Introduced in 2012, the National Early Warning Score (NEWS) was designed to standardise the clinical response to the deteriorating patient. Derived from routinely measured physiological parameters, it was validated as an indicator of clinical deterioration and mortality in several acute medical conditions. Despite its widespread use, questions were raised over its safety in the management of patients at risk of hypercapnic respiratory failure, for whom the addition of supplemental oxygen might lower their NEWS, but inadvertently place them at risk of worsening hyperoxic hypercapnia.4 Furthermore, patients with chronic hypoxaemia and on long-term oxygen therapy may have inappropriately elevated scores by virtue of their being on supplementary oxygen even when their acute illness has stabilised, resulting in inappropriate escalation for medical review. In response, the Royal College of Physicians introduced NEWS2 in 2017, which incorporates a second oxygen saturation (SpO2) scale for use with patients at risk of hyperoxic hypercapnia, as well as ‘new confusion’ as an adverse factor.5 NEWS2 is recorded on multiple occasions during hospital admission and, like NEWS, triggers a clinical response at a threshold score of ≥5. The instructions for completion of NEWS2 stipulate the presence of hypercapnia on a current arterial blood gas or during previous assessments, before using the second oxygen saturation scale. However, up to 25% of patients hospitalised with ECOPD do not have an arterial blood gas taken, and among those that do, the prevalence of hypercapnia is high. Is there an argument, therefore, to employ the second SpO2 scale on NEWS2 (NEWS2ALL COPD) for all patients admitted to hospital with ECOPD to avoid missing those patients at risk of, but not yet diagnosed with, hypercapnia? And if so, is NEWS2ALL COPD a useful clinical tool to predict in-hospital mortality as an alternative to DECAF?

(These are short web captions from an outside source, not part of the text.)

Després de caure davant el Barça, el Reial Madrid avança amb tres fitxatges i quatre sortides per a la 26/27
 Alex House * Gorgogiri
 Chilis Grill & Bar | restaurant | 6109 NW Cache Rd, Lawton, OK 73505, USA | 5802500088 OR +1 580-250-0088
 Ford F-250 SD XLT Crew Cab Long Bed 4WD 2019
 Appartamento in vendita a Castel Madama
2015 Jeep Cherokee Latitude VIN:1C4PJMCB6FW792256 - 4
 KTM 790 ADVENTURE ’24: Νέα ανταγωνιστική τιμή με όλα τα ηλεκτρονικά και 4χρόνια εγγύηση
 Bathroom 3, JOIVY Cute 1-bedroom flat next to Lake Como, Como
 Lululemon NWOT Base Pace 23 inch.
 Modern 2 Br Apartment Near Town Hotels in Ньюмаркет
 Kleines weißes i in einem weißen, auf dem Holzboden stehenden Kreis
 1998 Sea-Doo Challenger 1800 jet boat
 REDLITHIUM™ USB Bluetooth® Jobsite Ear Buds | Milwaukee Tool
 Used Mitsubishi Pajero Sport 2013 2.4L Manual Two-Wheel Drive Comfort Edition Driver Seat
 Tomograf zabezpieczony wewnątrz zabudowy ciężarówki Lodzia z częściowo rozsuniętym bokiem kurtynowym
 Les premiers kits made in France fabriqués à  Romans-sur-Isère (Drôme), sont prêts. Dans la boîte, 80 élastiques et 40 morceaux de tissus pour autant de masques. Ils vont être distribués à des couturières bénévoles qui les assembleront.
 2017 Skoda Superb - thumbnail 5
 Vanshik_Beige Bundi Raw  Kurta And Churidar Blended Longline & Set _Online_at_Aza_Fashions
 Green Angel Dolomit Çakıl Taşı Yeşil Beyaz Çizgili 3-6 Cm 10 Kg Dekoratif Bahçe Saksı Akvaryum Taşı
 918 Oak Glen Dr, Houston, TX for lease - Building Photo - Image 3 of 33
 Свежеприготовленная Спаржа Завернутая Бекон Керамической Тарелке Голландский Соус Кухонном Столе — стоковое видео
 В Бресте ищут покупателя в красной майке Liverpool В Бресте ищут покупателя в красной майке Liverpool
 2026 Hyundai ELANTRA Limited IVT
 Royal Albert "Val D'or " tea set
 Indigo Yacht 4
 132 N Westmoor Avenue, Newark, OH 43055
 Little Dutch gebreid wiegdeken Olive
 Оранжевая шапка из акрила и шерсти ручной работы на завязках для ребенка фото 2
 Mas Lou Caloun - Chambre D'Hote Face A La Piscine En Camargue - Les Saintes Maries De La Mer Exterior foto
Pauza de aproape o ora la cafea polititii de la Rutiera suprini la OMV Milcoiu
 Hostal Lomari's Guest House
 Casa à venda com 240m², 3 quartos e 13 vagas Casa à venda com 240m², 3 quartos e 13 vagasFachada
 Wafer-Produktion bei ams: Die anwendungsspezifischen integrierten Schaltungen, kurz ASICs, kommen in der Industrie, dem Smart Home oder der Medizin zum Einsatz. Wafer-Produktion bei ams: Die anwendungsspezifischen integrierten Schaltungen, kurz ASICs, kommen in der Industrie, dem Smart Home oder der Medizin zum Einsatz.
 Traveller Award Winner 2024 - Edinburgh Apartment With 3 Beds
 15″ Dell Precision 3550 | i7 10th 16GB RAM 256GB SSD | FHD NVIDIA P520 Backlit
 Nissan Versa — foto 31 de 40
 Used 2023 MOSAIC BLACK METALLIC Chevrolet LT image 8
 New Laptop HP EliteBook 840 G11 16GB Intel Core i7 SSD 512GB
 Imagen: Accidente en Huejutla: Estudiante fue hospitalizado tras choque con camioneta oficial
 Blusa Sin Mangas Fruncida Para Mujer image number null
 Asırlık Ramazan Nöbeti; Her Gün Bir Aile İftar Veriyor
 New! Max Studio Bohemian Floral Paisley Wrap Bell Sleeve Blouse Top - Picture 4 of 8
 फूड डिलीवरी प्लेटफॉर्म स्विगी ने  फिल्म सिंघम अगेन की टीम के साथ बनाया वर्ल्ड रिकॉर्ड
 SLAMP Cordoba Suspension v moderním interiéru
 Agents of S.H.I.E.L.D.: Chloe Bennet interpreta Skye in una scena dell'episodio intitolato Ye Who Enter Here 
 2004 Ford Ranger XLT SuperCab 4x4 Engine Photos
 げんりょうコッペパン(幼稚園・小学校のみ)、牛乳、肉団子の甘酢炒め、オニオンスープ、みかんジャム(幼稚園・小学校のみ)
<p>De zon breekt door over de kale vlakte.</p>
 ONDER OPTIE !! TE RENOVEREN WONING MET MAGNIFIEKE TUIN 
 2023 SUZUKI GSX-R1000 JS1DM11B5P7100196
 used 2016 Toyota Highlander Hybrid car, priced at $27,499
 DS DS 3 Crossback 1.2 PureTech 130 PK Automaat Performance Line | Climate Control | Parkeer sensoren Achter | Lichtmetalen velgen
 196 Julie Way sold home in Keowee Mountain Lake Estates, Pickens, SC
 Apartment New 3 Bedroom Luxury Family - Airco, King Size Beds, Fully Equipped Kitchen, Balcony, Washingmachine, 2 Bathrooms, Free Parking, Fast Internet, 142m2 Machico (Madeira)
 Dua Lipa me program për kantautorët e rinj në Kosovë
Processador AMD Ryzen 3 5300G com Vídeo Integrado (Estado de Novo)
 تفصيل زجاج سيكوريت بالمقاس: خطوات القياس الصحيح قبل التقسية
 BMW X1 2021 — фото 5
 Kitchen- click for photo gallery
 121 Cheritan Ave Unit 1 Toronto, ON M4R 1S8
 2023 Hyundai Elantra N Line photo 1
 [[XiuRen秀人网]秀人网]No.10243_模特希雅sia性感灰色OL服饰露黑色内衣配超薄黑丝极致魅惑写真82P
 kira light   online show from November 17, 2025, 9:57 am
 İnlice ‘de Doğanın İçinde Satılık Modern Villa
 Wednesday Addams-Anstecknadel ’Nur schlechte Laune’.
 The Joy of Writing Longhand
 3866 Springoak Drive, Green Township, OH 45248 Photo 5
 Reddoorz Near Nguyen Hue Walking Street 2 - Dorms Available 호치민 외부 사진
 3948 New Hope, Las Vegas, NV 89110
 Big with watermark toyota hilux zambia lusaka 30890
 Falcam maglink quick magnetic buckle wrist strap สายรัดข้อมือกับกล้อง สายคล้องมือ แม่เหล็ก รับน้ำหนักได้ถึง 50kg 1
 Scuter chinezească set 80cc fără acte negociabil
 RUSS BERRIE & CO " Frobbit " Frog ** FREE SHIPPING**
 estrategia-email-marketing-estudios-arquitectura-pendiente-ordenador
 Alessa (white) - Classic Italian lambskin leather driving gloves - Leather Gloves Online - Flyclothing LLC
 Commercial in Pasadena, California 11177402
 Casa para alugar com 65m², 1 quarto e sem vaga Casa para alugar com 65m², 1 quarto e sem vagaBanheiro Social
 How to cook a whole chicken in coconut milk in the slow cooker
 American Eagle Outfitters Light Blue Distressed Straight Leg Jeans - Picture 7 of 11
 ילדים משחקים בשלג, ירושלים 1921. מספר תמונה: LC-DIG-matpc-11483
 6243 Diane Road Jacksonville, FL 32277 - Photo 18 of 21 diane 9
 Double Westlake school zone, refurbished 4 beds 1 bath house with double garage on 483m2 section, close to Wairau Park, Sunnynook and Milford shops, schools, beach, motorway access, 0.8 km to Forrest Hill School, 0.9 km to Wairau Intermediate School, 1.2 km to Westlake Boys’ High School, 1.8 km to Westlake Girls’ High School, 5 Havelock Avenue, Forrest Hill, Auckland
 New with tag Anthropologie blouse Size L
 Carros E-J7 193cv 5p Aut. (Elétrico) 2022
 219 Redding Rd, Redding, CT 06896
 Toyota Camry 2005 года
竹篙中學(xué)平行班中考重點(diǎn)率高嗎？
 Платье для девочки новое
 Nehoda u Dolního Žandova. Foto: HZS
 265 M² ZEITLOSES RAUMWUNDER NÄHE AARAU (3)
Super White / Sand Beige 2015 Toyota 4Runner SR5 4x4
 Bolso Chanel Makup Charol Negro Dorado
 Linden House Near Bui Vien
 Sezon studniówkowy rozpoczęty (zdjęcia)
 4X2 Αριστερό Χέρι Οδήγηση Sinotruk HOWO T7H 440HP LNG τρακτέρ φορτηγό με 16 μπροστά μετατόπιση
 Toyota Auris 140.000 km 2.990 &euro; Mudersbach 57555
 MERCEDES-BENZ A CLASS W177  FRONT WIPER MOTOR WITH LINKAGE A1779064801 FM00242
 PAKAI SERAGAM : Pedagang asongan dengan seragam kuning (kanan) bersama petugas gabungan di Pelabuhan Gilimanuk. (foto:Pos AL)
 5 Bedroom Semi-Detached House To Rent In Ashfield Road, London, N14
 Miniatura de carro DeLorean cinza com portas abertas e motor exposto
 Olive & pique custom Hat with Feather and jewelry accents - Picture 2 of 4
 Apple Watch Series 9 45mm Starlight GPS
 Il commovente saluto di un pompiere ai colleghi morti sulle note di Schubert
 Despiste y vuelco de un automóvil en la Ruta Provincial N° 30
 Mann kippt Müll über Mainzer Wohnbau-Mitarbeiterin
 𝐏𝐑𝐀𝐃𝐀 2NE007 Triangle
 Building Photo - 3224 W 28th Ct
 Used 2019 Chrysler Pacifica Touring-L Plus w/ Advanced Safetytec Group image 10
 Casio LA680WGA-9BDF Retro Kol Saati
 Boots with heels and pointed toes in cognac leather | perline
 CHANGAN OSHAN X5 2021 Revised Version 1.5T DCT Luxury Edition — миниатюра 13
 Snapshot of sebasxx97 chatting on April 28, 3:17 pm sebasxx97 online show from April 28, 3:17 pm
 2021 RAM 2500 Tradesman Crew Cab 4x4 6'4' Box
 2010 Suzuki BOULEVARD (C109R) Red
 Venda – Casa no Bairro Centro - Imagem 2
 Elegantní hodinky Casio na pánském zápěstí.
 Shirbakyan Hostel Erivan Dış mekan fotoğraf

These are the questions that Echevarria and colleagues endeavour to address in the current issue of Thorax. 6 They retrospectively applied the second SpO2 scale of NEWS2 to all patients with ECOPD and compared its performance against NEWS and NEWS2 in terms of clinical alert frequency and in-hospital mortality prediction. The authors also compared the performance of admission NEWS2 with the DECAF score in patients admitted with ECOPD. The application of NEWS2ALL COPD at admission reduced the numerical score overall, thus decreasing the frequency of clinical alerts by 9.5% in absolute terms. This was achieved without detriment to safety, as mortality was zero on the day of admission for those patients in the lowest risk category (NEWS2ALL COPD 0–4). As a predictor of in-hospital mortality, however, the DECAF score performed better than NEWS2ALL COPD, NEWS2 and NEWS (area under the receiver-operator curve (AUROC) 0.83 vs NEWS2ALL COPD 0.72, NEWS2 0.70 and NEWS 0.65).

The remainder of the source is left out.